Hepatitis C Treatment Progress?

The following announcement from Rigel Pharmaceuticals is disappointing. It is another step closer to a more effective treatment, but, on its own, it shows no breakthrough. In fact, the treatment needs to be rethought because of its minimal effectiveness.

Well, at least it seems safe.

Some of the most interesting information in pharmaceutical company announcements is regarding hepatitis C itself and the state of current treatment. Look at the "About Hepatitis C" section of the report. It clearly points out the shortcomings of current interferon combination therapy.

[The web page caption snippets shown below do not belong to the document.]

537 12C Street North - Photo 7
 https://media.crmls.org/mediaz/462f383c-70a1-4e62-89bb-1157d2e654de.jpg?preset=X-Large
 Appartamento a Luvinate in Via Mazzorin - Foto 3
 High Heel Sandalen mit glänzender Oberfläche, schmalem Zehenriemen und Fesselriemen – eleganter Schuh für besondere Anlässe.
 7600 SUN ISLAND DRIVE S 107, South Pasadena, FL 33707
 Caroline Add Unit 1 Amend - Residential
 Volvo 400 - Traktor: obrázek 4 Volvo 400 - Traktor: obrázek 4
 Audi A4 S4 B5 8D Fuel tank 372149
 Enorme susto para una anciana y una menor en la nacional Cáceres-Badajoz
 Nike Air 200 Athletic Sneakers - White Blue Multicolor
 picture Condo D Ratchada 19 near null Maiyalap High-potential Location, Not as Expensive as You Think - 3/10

If you are currently considering therapy, you may want to share this with your doctor, to help keep the limited effectiveness and serious dangers of combination therapy in perspective.

Poor Bioavailability Results in Insignificant Clinical Effects for Rigel R803 in Phase I/II HCV Trial
Monday November 22, 5:00 am ET

Next Steps for Clinical Program to be Outlined at Analyst Day, December 1st

SOUTH SAN FRANCISCO, Calif., Nov. 22 /PRNewswire-FirstCall/ -- Rigel Pharmaceuticals, Inc. (Nasdaq: RIGL - News) announced today the results from its Phase I/II clinical study of R803, a novel oral hepatitis C RNA polymerase inhibitor. The two-center, double-blind, dose-escalation study examined the safety and pharmacokinetics of R803 and its effectiveness in reducing viral levels in 32 patients infected with Hepatitis C Virus (HCV). The results demonstrated that R803 was well-tolerated and that there were no significant adverse effects. The study showed that the drug was only present in the blood stream at sufficient levels for a limited number of hours during the course of each dosing day. There was a decline in viral levels over the course of treatment and viral levels rose after dosing was discontinued. However, the decline in viral levels was not statistically significant or clinically meaningful. Rigel has continued to develop better delivery approaches of R803, such as a pro-drug of R803, and derivatives of R803 that it believes exhibit superior bioavailability. These potential improvements and next steps in the Rigel HCV clinical program will be discussed at Rigel's analyst day meeting in New York City on December 1, 2004.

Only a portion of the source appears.